The gripe in Wales has come from farmers with land 400 metres above sea level which is categorised as moorland.

Before they made their legal challenge they stood to receive an single farm payment (SFP) of £6.40 an acre, whereas if their land were 399m, 99 centimetres and nine millimetres (or less) above sea level they would have received at least £64 per acre. In other words, for the sake of an extra one millimetre in height their SFP would have dropped by 90%.

This cannot be fair so I am pleased for Wales’ moorland farmers but wonder whether they have gone far enough with their legal challenge? Rather than simply arguing, as they did, that there was plenty of land below 400m that showed exactly the same farming characteristics as their moorland they should surely have made the case that the whole principle of a higher payment for lower land is rotten?

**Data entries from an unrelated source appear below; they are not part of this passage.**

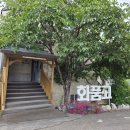 천안고추생선 | 천안 성거 맛집- 화덕을 품은 고등어(부모님 모시고 가기 좋은 내돈내산 생선구이, 갈치조림 후기)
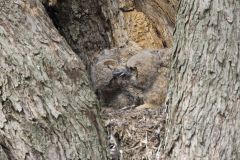 Great Horned Owl, Bubo virginianus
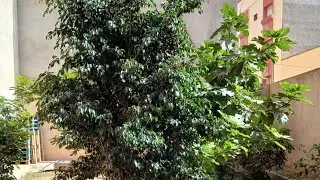 منزل للبيع في الناظور غسي فيها 300 متر ثمن 74 مليون للمزيد 0600156239🎁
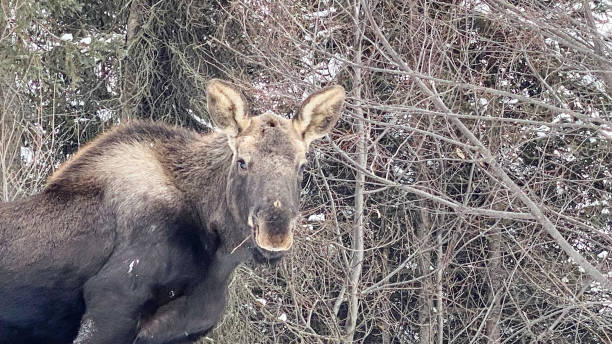 istock Young male moose eating willow branches in winter in Alaska 1466478745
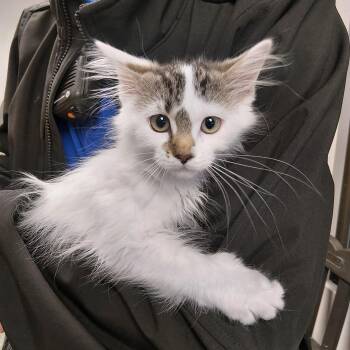 Domestic Long Hair Cats Available for Adoption in Liberty, Missouri - Nesquik | PetCurious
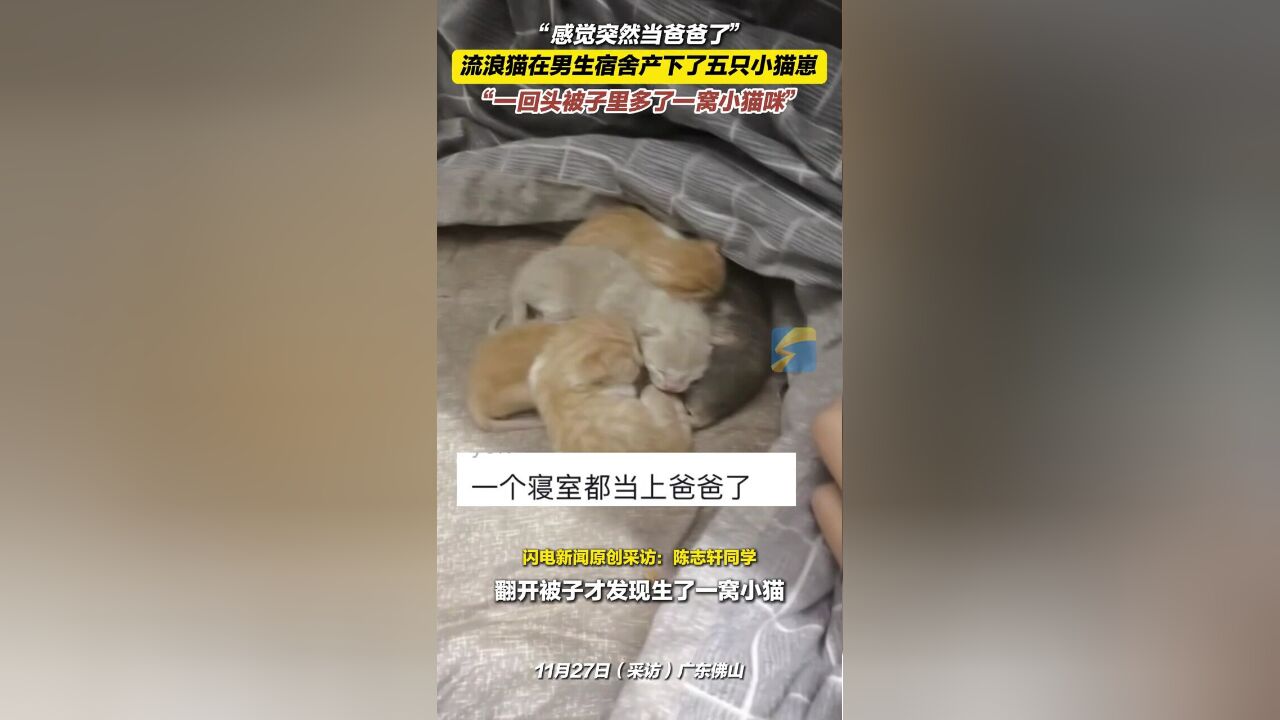 11月27日,广东佛山,“感觉突然当爸爸了”,流浪猫在男生宿舍产下了五只小猫崽,“一回头被子里多了一窝小猫咪”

With the long standing less favoured area payments under threat what happened to the idea that taxpayers’ money spent on agriculture should be targeted at those sectors in most need? How on earth have we ended up in the position where a decoupled subsidy should be 90% higher for farmers on good quality lowland and grass and arable land than for the poor devils scraping around on thin uplands where farmers are trying to earn a living scratching at thin soils or chasing round a few scrawny sheep and cows?

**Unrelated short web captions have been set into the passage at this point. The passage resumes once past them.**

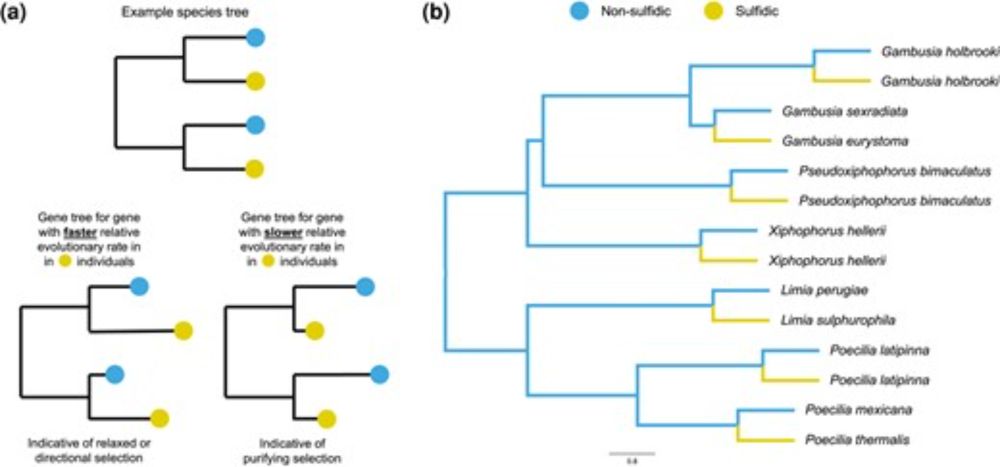 Evolutionary Rate Shifts in Coding and Regulatory Regions Underpin Repeated Adaptation to Sulfidic Streams in Poeciliid Fishes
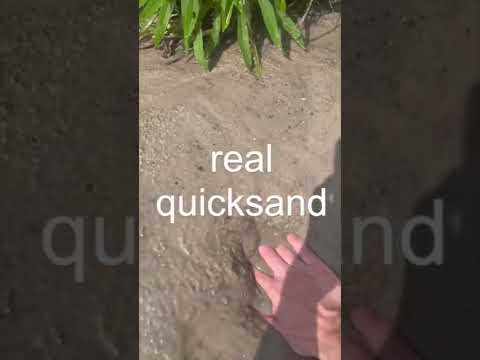 Real Quicksand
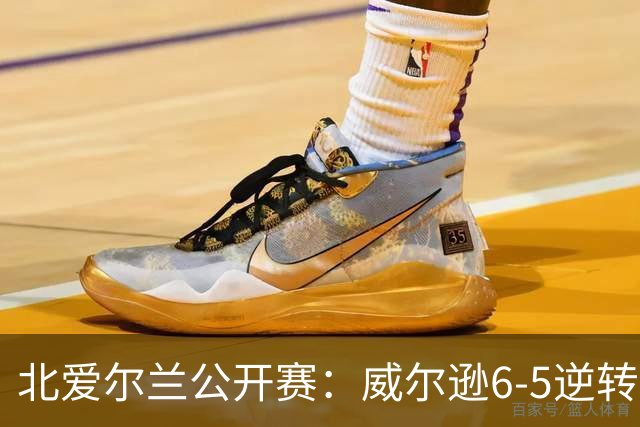 北爱尔兰公开赛：威尔逊6-5逆转绝杀克雷吉，囧哥赛季首进排名赛决赛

How many times have we heard lectures from politicians of all parties, even from the leadership of the NFU, that English farmers need to learn to stand on their own two feet and live without subsidy? But at the same time they all support a system of subsidy that gives the most money to farmers on the best land.

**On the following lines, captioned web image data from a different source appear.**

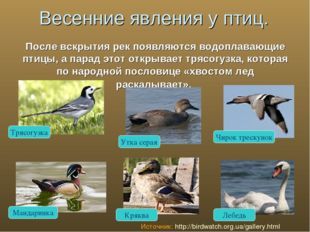 Сезонные явления в жизни птиц, Биология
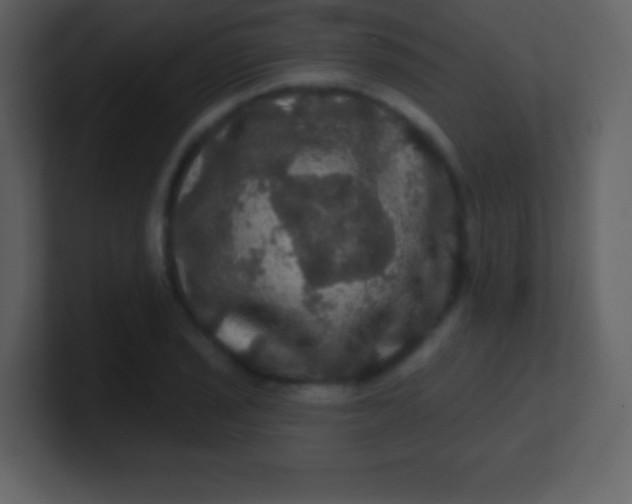 X0000100891029200807081036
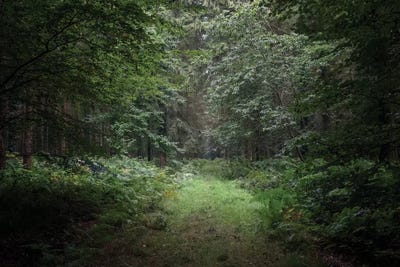 Deep Forest by Philippe Manguin canvas print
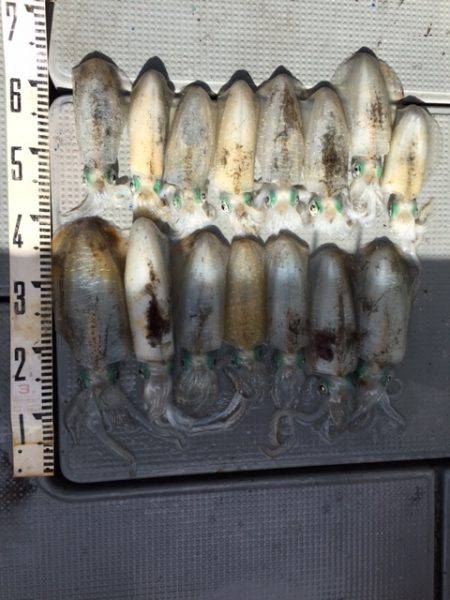 遊漁船高橋 釣果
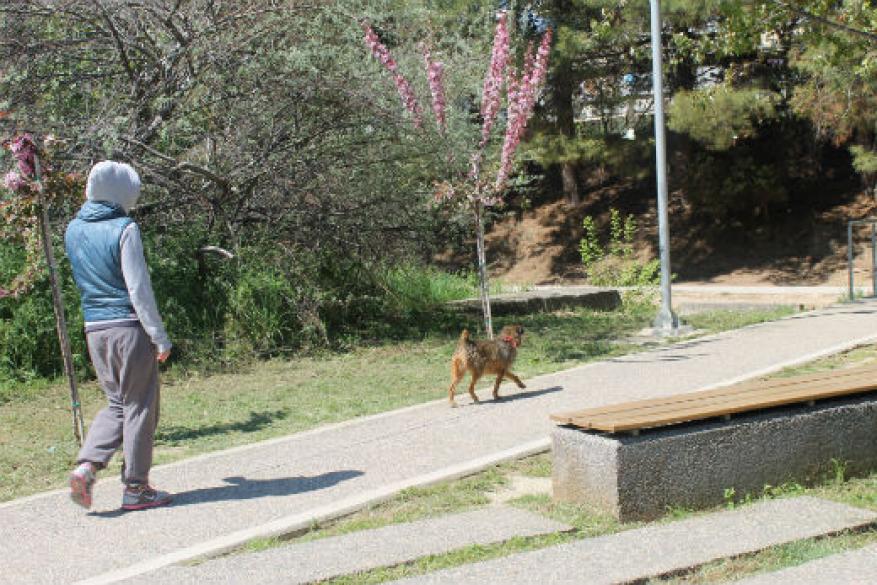 Get Involved Contest 2017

On the back of the Welsh moorland farmers’ success it is time for the English to launch our own legal challenge. We must seek to create a fairer SFP. How about a simple system that would pay an additional £1 per acre subsidy for each metre that farmland rises above sea level. This would be very easy to administrate and would produce a fair result based on the very simple principle that the further one travelled uphill the harder it is to earn a living from farming so the more subsidy the farmer should receive.

Better still, farmers on the very best land in East Anglia, like the black fen, would be levied a charge of £1 per acre for each metre below sea level that the land lies – just for the privilege of farming it.

Let us hope that my sense of egalitarianism strikes a chord with DEFRA and one day it forms the basis of how the SFP is distributed in England. And please rest assured that my proposal stems from a deep sense of what is fair and proper and has nothing to do with the fact that my farm sits perched right on top of the South Downs.